All the lines below should be set down exactly, with no picture carried into the copy.

☆ ☆ ☆ ☆ ☆

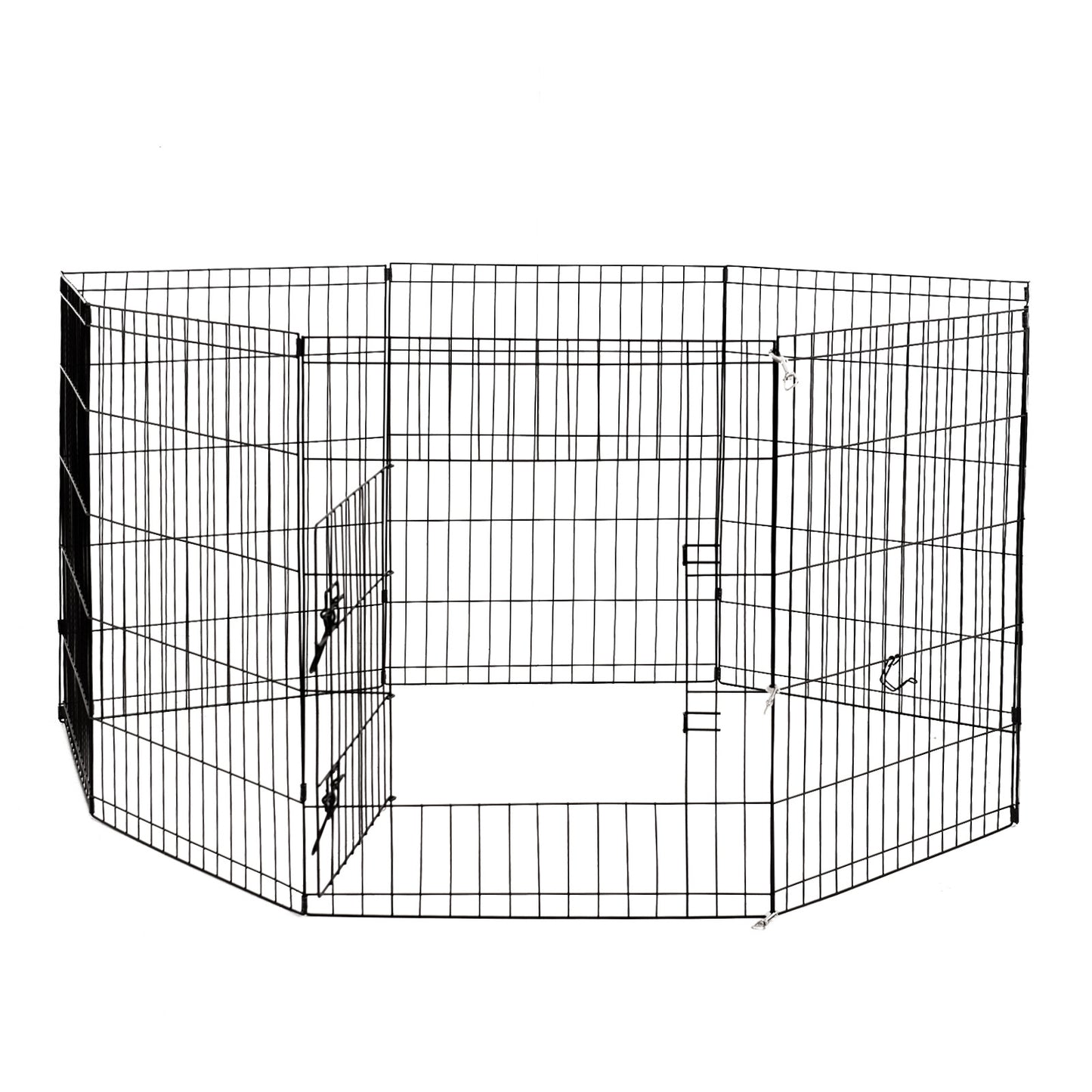 4Paws 8 Panel Playpen Puppy Exercise Fence Cage Enclosure (24" - Black)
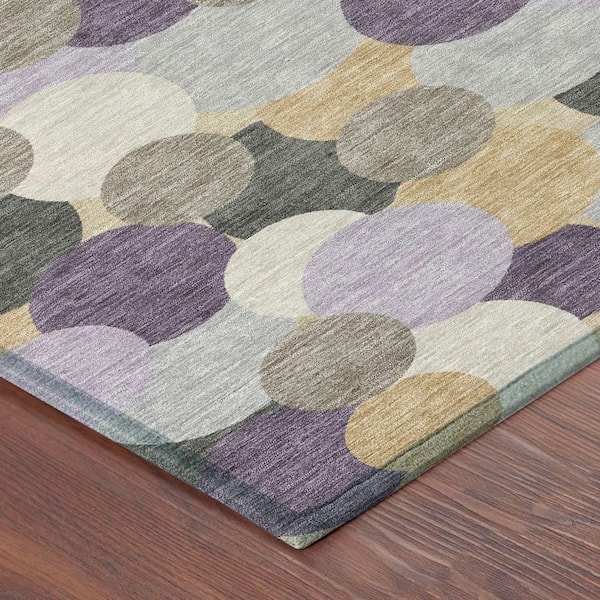 Chantille Machine Washable Indoor/Outdoor Abstract ACN2450 Plum 3 ft. x 4 ft. Area Rug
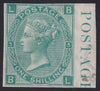 Great Britain 1865 1s green Plate 5 "abnormal" imprimatur, SG101var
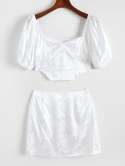 Flower Jacquard Smocked Satin Puff Sleeve Mini Skirt Set
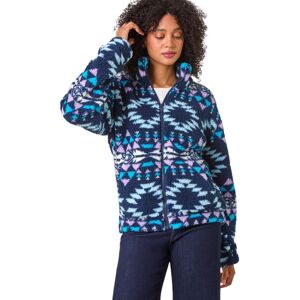 Roman Women's Nordic Print Funnel Fleece Jacket in Midnight Size: 18 Midnight 18 Roman Women's Nordic Print Funnel Fleece Jacket in Midnight Size: 18 Midnight 18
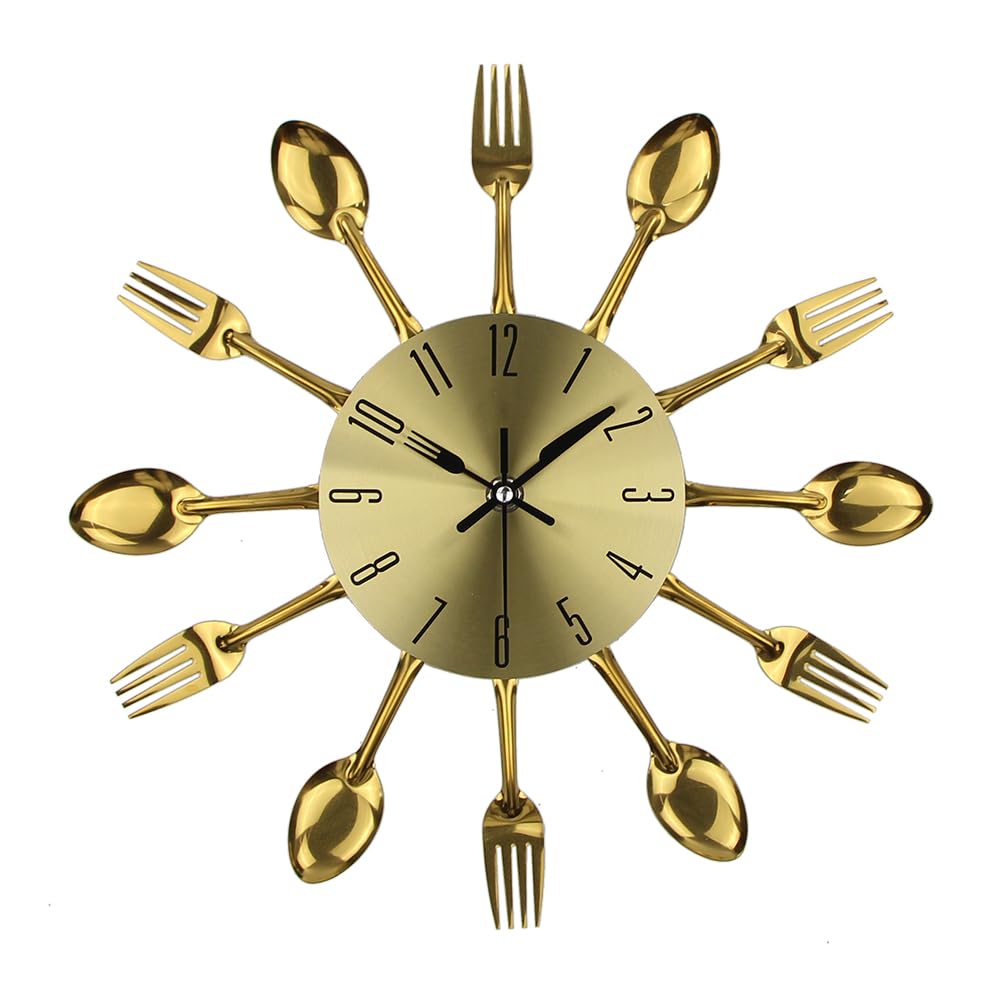 Kitchen Metal Copper Wall Clocks with Spoons and Forks 3D Removable Modern Creative Cutlery Kitchen Spoon Fork Wall Clock for Great Home Decor and Nice Gifts (Gold)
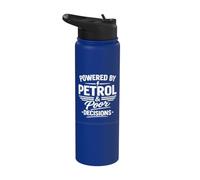 Desarrollado por gasolina y malas decisiones diseño de motociclista Stainless Steel Insulated Water Bottle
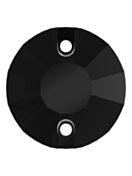 Rose sew-on stone flat 2 hole 10mm Jet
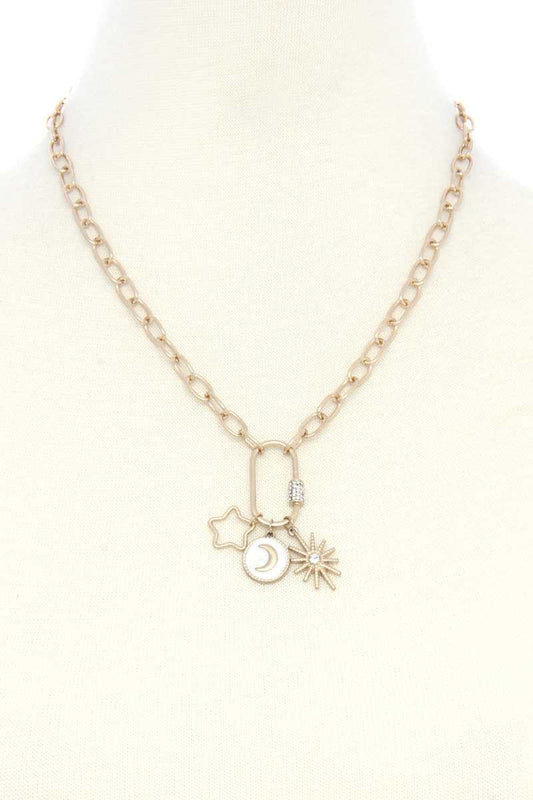 Star Moon Screw Lock Pendant Necklace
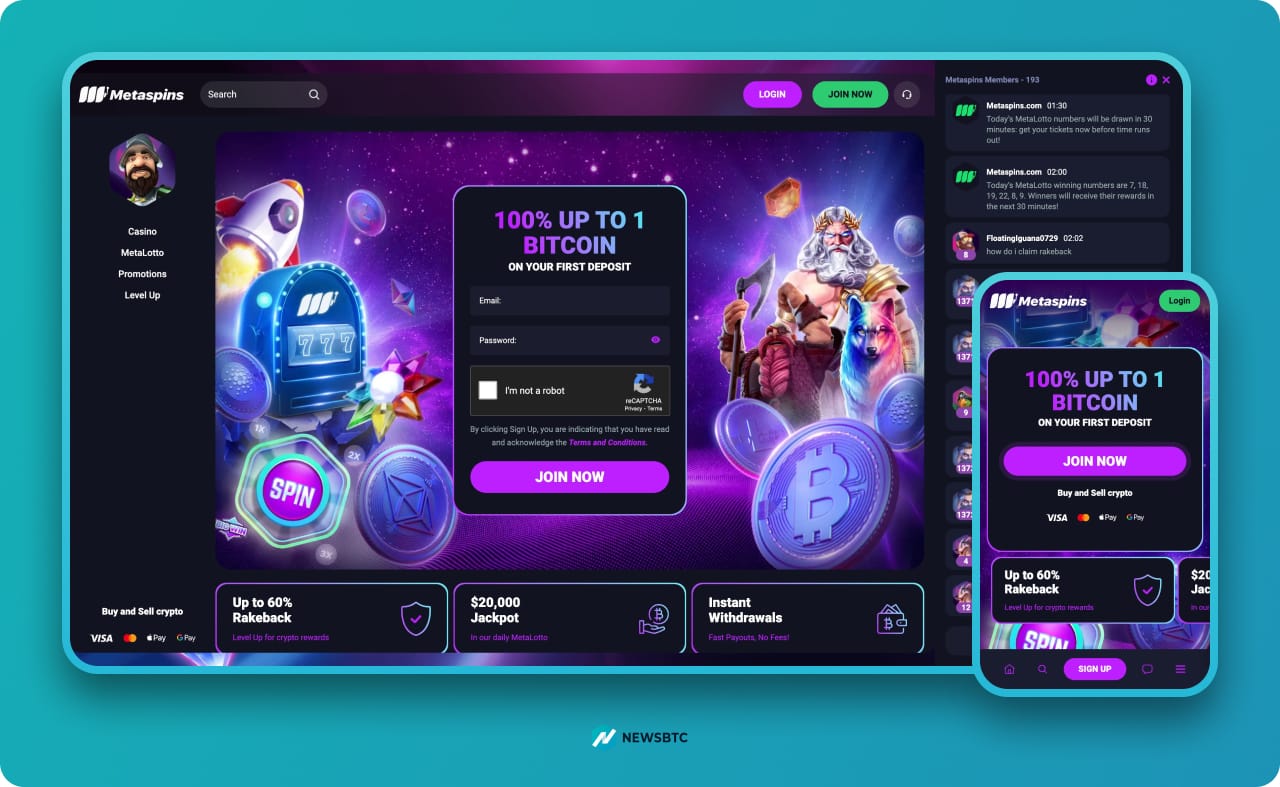 Metaspins Crypto gambling site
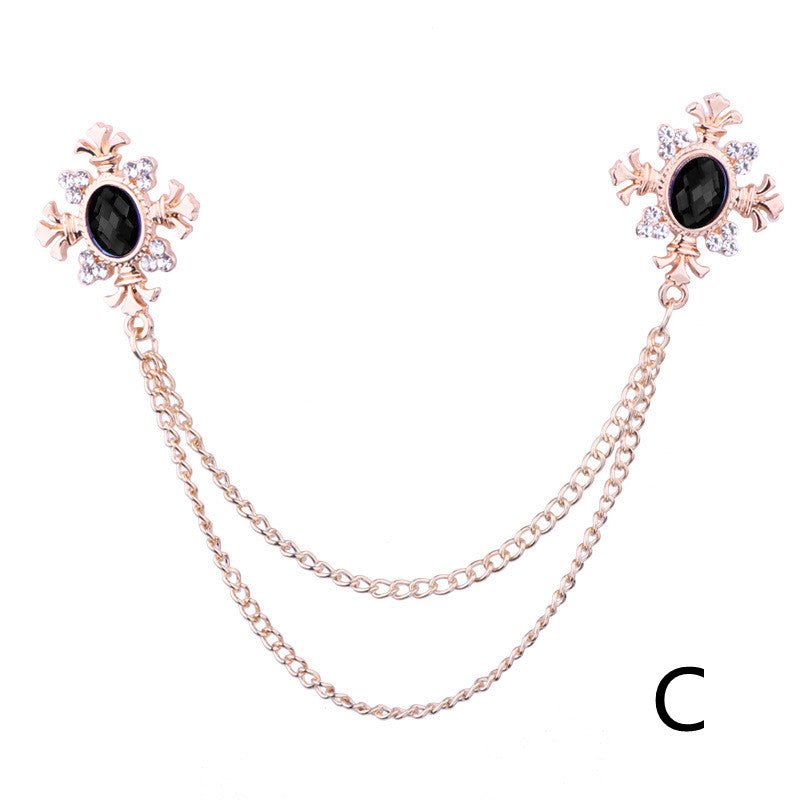 Fringed Rhinestone Cross Collar Chain Accessories Brooch Personalized Collar Pin - Broochs- Brooch - Broochs -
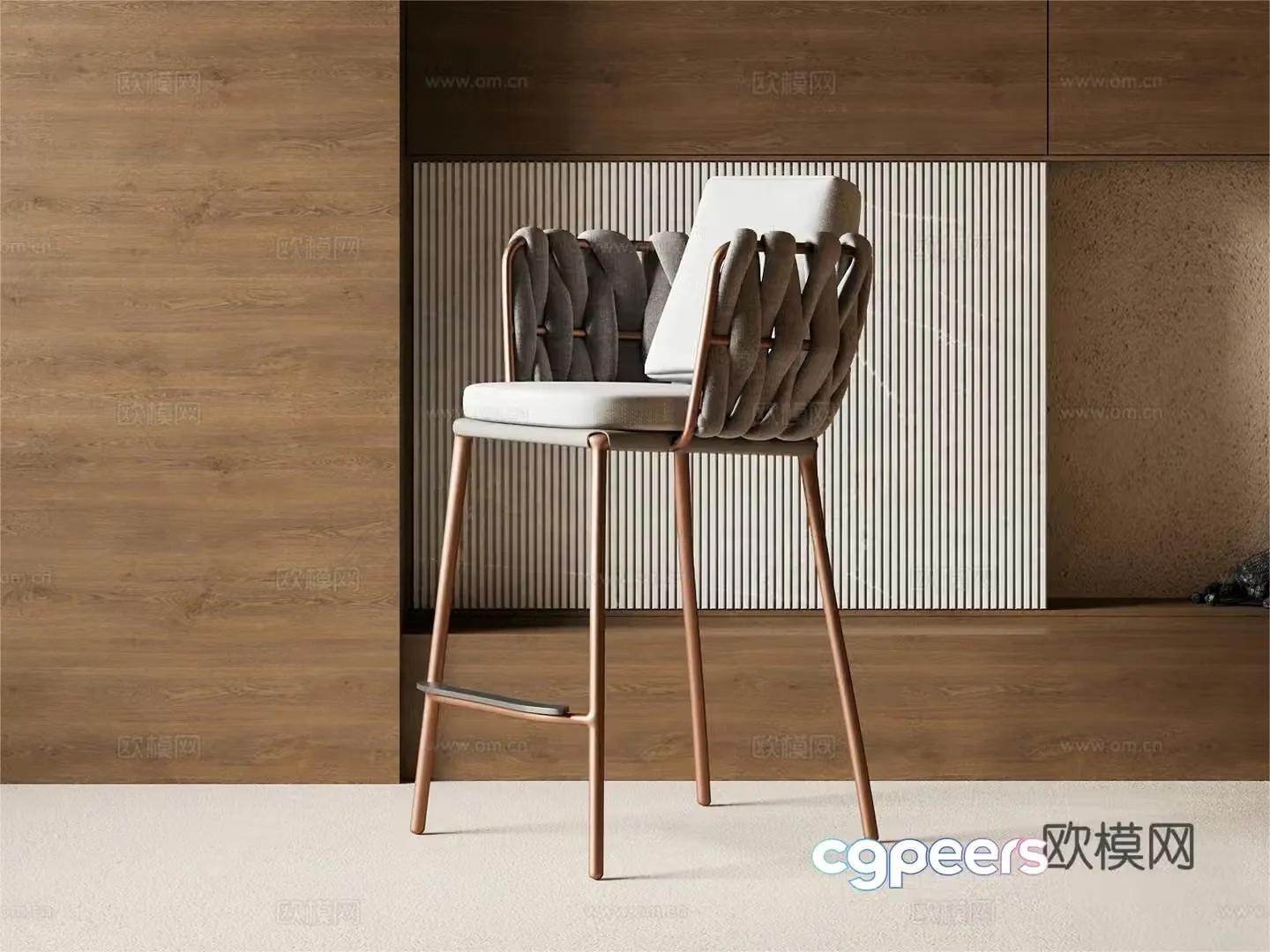 Modern bar chair_cloth chair_bar chair 3D model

☆ ☆ ☆ ☆ ☆

Result for this task –
 4Paws 8 Panel Playpen Puppy Exercise Fence Cage Enclosure (24" - Black)
 Chantille Machine Washable Indoor/Outdoor Abstract ACN2450 Plum 3 ft. x 4 ft. Area Rug
 Great Britain 1865 1s green Plate 5 "abnormal" imprimatur, SG101var
 Flower Jacquard Smocked Satin Puff Sleeve Mini Skirt Set
 Roman Women's Nordic Print Funnel Fleece Jacket in Midnight Size: 18 Midnight 18 Roman Women's Nordic Print Funnel Fleece Jacket in Midnight Size: 18 Midnight 18
 Kitchen Metal Copper Wall Clocks with Spoons and Forks 3D Removable Modern Creative Cutlery Kitchen Spoon Fork Wall Clock for Great Home Decor and Nice Gifts (Gold)
 Desarrollado por gasolina y malas decisiones diseño de motociclista Stainless Steel Insulated Water Bottle
 Rose sew-on stone flat 2 hole 10mm Jet
 Star Moon Screw Lock Pendant Necklace
 Metaspins Crypto gambling site
 Fringed Rhinestone Cross Collar Chain Accessories Brooch Personalized Collar Pin - Broochs- Brooch - Broochs -
 Modern bar chair_cloth chair_bar chair 3D model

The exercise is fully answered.